THE INPUT >>
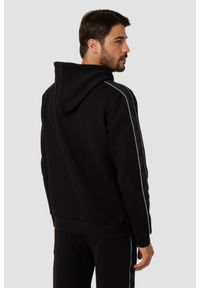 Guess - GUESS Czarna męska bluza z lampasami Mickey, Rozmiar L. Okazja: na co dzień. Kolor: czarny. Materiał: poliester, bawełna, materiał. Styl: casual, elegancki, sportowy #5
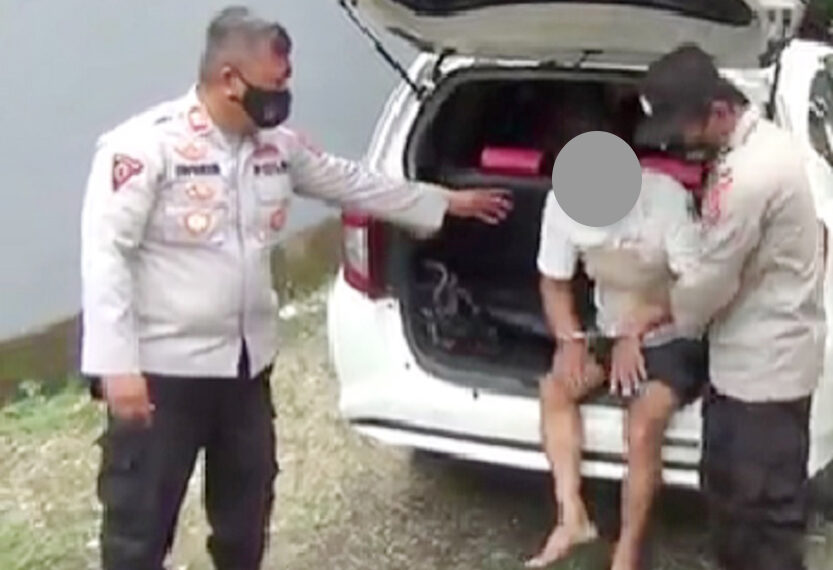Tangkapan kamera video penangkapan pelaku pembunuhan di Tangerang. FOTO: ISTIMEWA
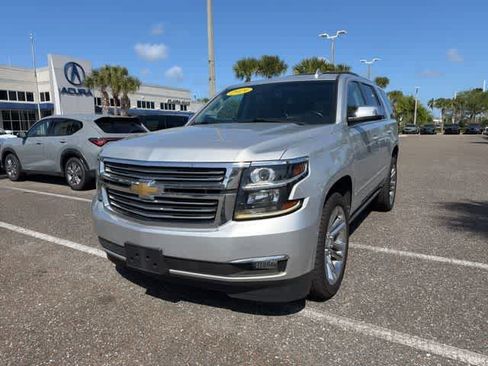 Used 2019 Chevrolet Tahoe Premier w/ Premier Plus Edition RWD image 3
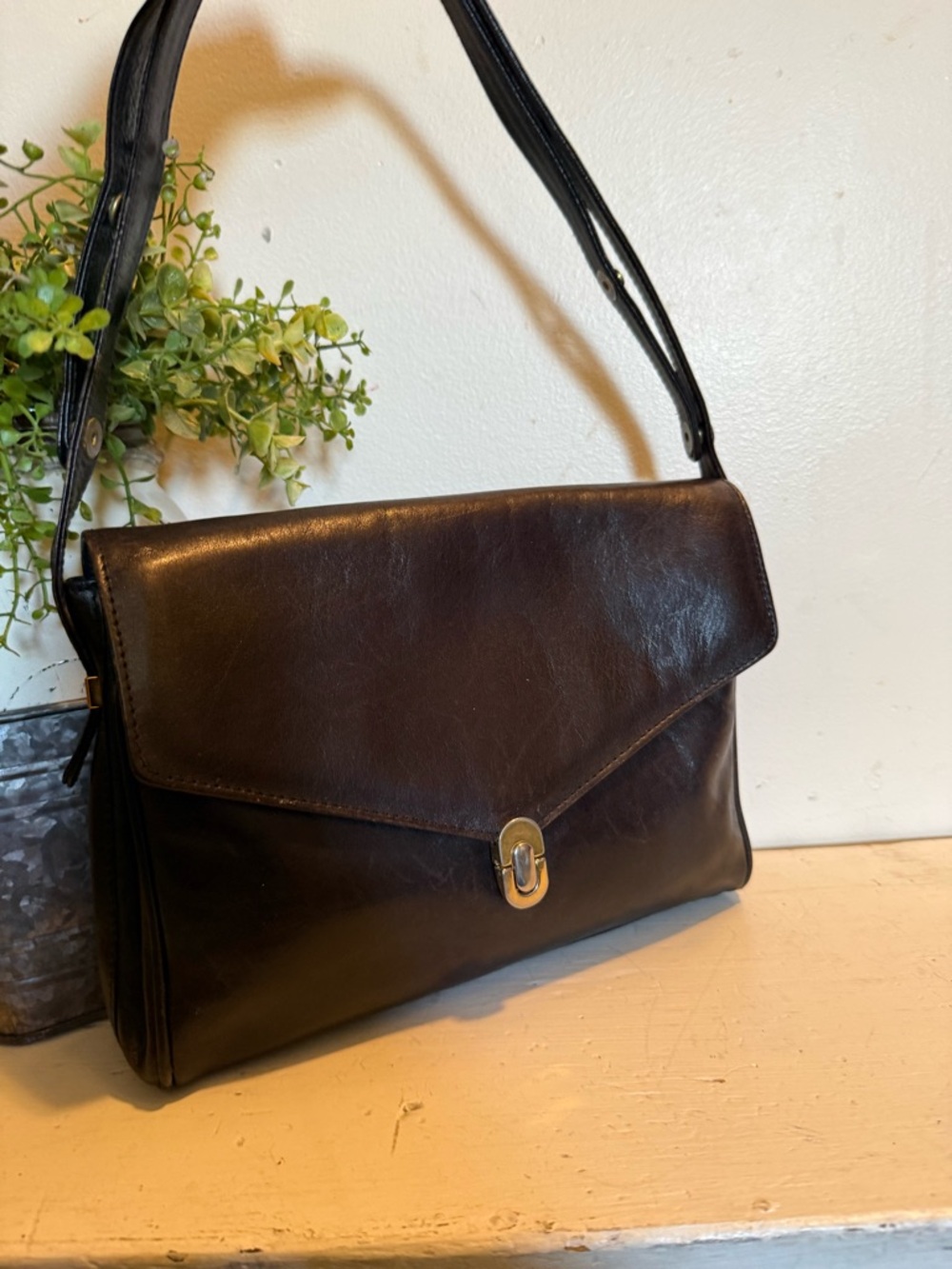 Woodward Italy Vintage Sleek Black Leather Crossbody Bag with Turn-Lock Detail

---

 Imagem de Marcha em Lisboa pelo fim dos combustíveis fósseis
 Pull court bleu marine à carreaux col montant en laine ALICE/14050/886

WORK TASK >> From the records above, copy only the lines running from the line holding "Guess - GUESS" through the line holding "Woodward Italy Vintage", with no pictures.

EXERCISE RESULT >>
 Guess - GUESS Czarna męska bluza z lampasami Mickey, Rozmiar L. Okazja: na co dzień. Kolor: czarny. Materiał: poliester, bawełna, materiał. Styl: casual, elegancki, sportowy #5
Tangkapan kamera video penangkapan pelaku pembunuhan di Tangerang. FOTO: ISTIMEWA
 Used 2019 Chevrolet Tahoe Premier w/ Premier Plus Edition RWD image 3
 Woodward Italy Vintage Sleek Black Leather Crossbody Bag with Turn-Lock Detail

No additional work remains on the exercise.